# Corn Snake



## triptych_angel (Feb 20, 2006)

I've heard that it is illegal to keep corn snakes in Australia...does anyone know why they are illegal?

Cheers

Emma


----------



## olivehydra (Feb 20, 2006)

Welcome to the site, and what a great question to start with :wink:


----------



## triptych_angel (Feb 20, 2006)

Why thank you


----------



## olivehydra (Feb 20, 2006)

All exotic reptiles are illegal in Australia. Where abouts are you??


----------



## Gerry (Feb 20, 2006)

Emma in Oz we're only allowed to keep animals that are native to the country. You may not be able to keep corn snakes but there is no lack of variety in the species we have.

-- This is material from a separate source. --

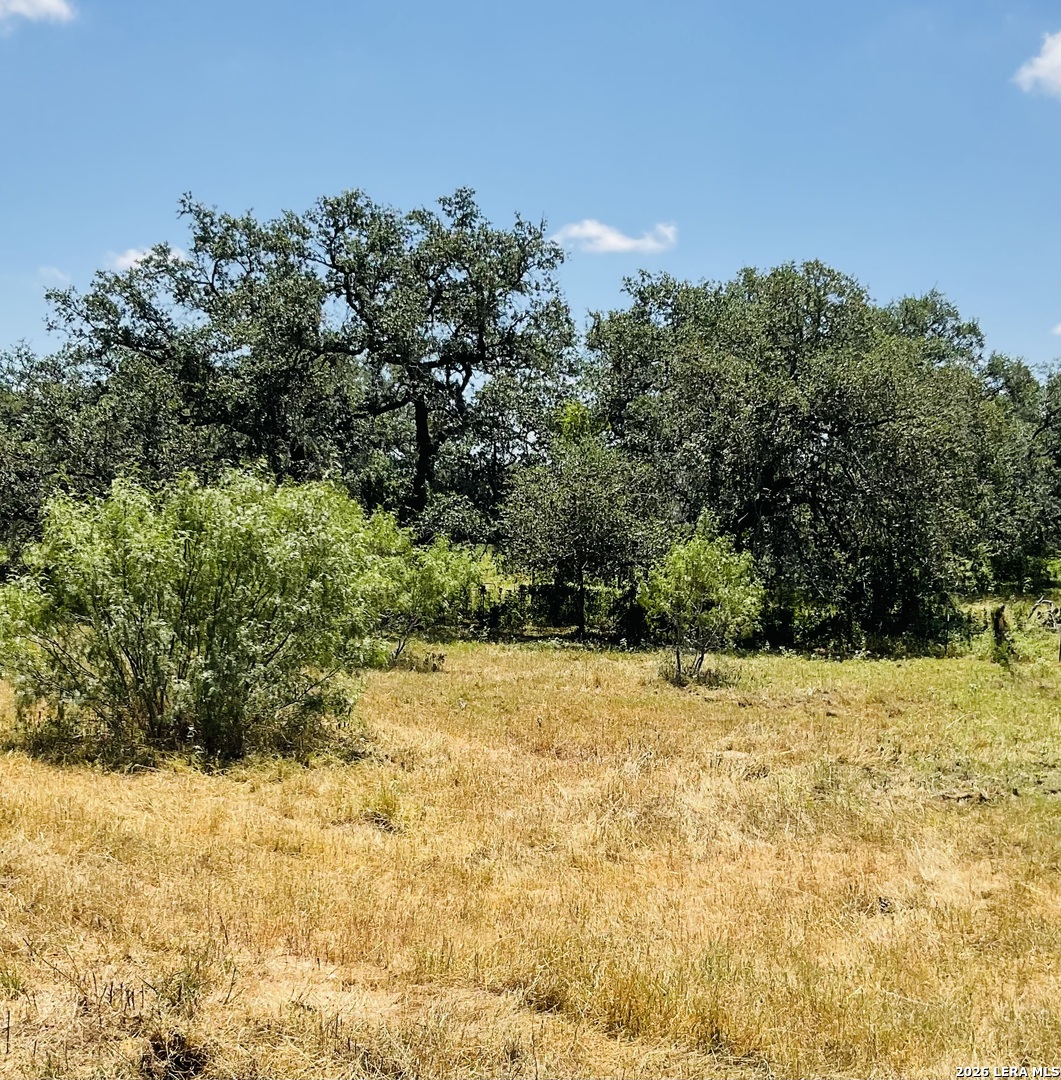 Tbd Lot 46 Hidden Meadows Poteet TX 78065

oh and welcome to the site.. ah..... fear and loathing. one of the best books ever written


----------



## triptych_angel (Feb 20, 2006)

Oh i see, fair enough...I live in Sydneys West. Was just curious as i've been researching on the web and they are very beautiful snakes but when enquiring was told they were illegal. I only know of one place where i can get pythons and that is at Kellyville Pets although they only have a very specific range. Im new to this and am researching at this point...any help would be appreciated.


----------



## Jason (Feb 20, 2006)

you cant actually sell or buy herps from a pet shop either, but there is plenty in our for sale thread and on other sites. welcome to the site.


----------



## redline (Feb 20, 2006)

Welcome 2 the site triptych_angel


----------



## herptrader (Feb 20, 2006)

You will get a good feel for what is available in Australia ... and at what price by visiting http://www.herptrader.com.au and clicking the *Herp Trader* button.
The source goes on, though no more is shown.